Short web captions
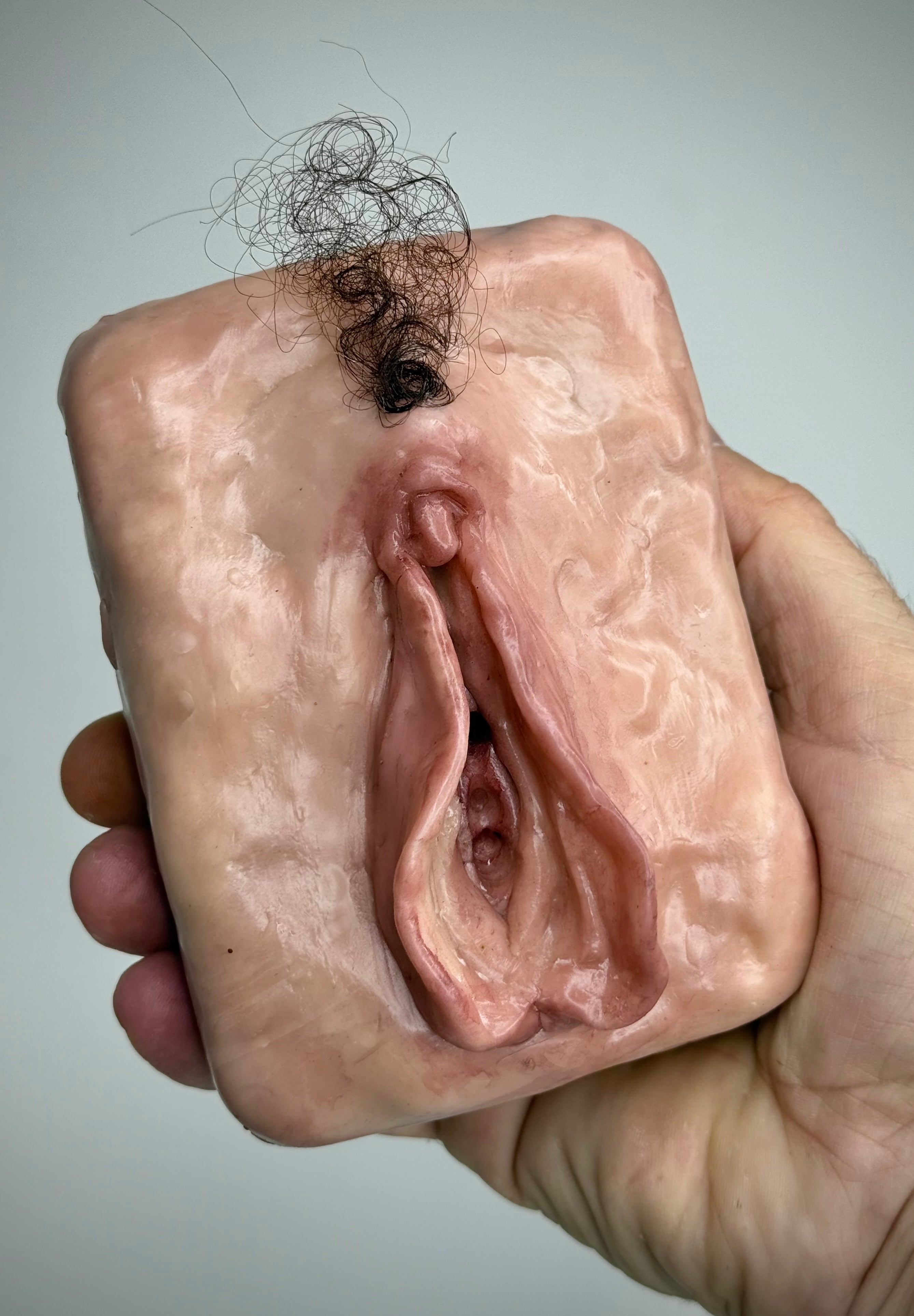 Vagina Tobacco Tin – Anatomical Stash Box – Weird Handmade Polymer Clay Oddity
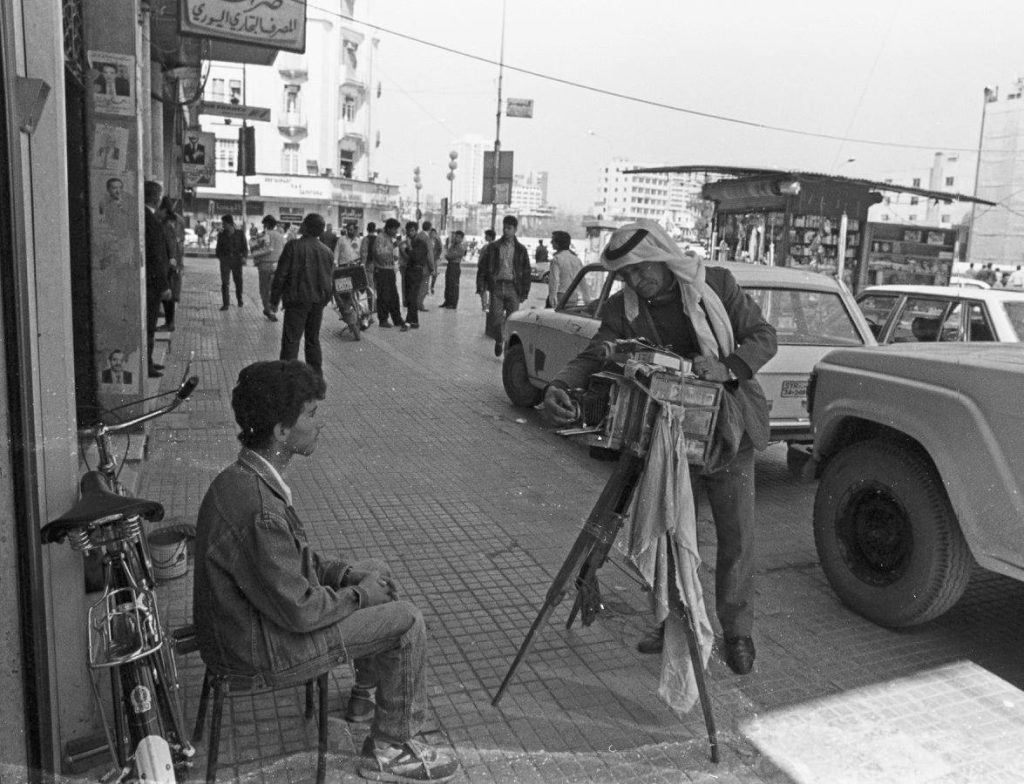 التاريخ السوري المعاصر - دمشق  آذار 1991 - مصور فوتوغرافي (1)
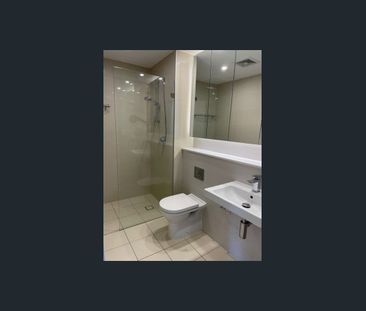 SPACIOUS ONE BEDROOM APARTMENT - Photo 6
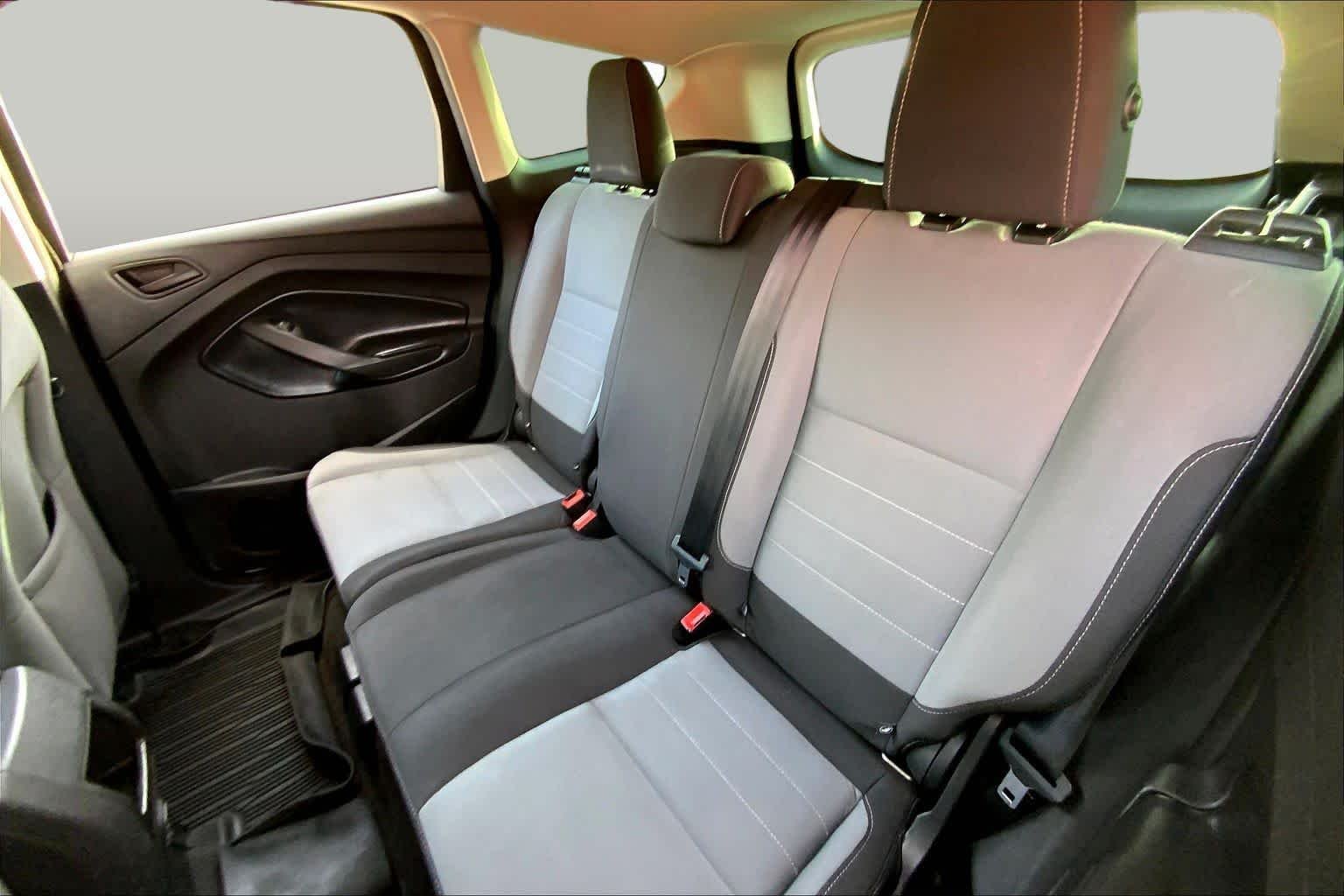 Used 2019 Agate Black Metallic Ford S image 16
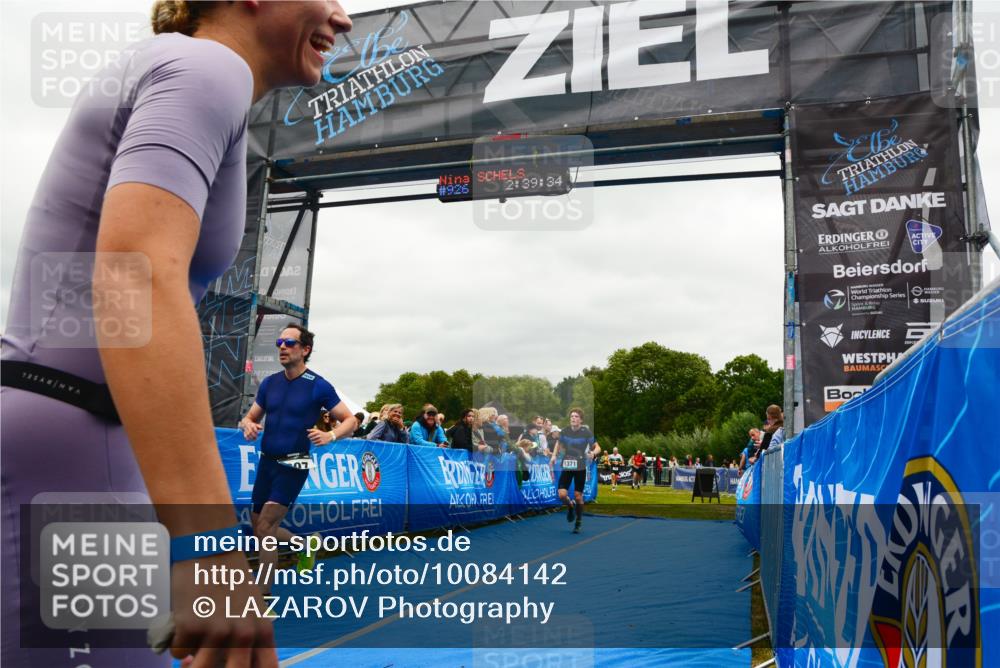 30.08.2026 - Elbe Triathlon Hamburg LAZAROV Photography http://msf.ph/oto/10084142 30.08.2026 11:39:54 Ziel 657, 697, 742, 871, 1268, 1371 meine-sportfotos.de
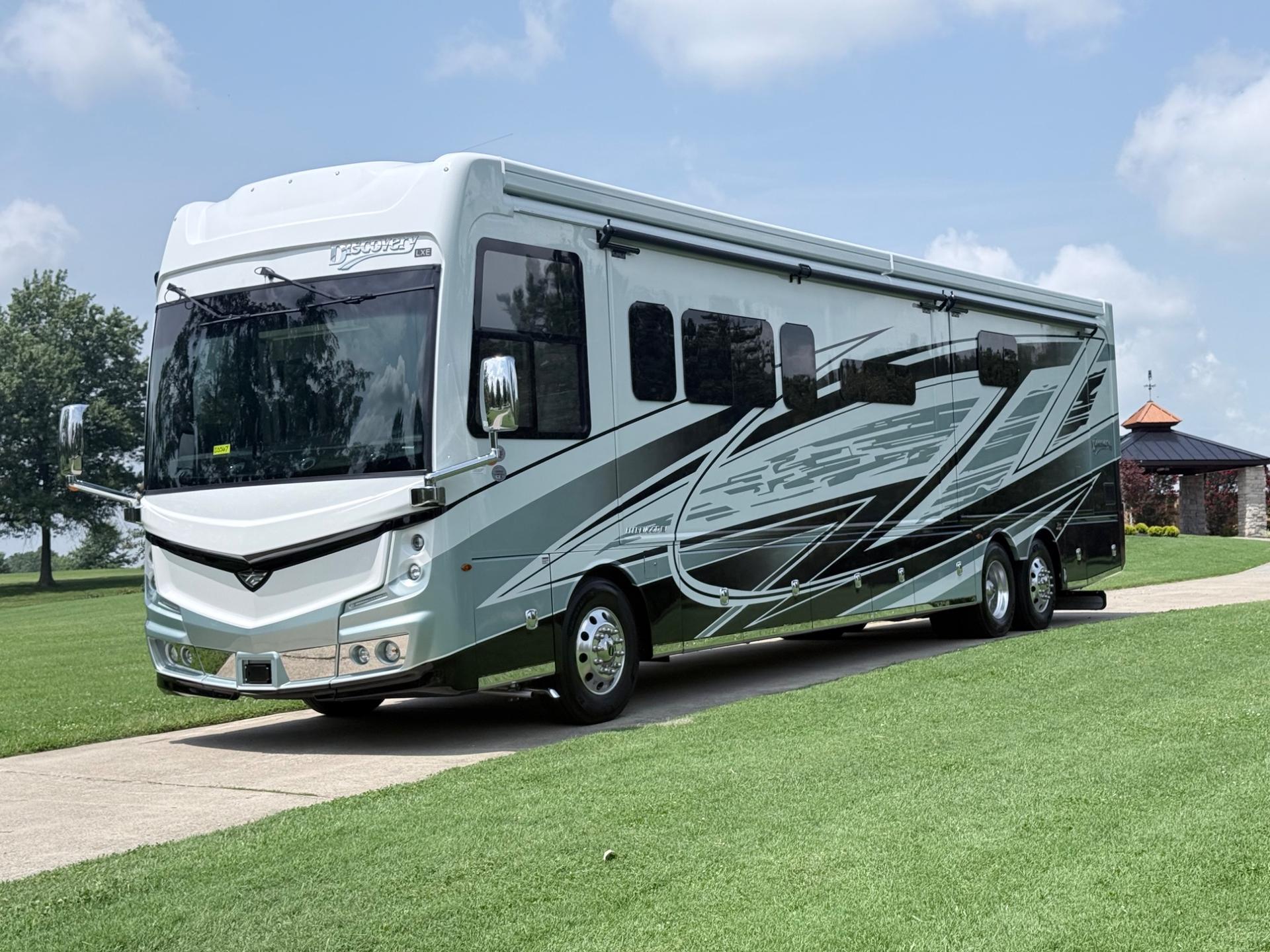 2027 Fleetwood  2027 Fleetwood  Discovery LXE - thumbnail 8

▸ **Action item**
Your answer must be an exact copy of the lines from the line with "التاريخ السوري المعاصر" to the final line of the data, both ends included, and no pictures.

▸ **Written reply**
 التاريخ السوري المعاصر - دمشق  آذار 1991 - مصور فوتوغرافي (1)
 SPACIOUS ONE BEDROOM APARTMENT - Photo 6
 Used 2019 Agate Black Metallic Ford S image 16
 30.08.2026 - Elbe Triathlon Hamburg LAZAROV Photography http://msf.ph/oto/10084142 30.08.2026 11:39:54 Ziel 657, 697, 742, 871, 1268, 1371 meine-sportfotos.de
 2027 Fleetwood  2027 Fleetwood  Discovery LXE - thumbnail 8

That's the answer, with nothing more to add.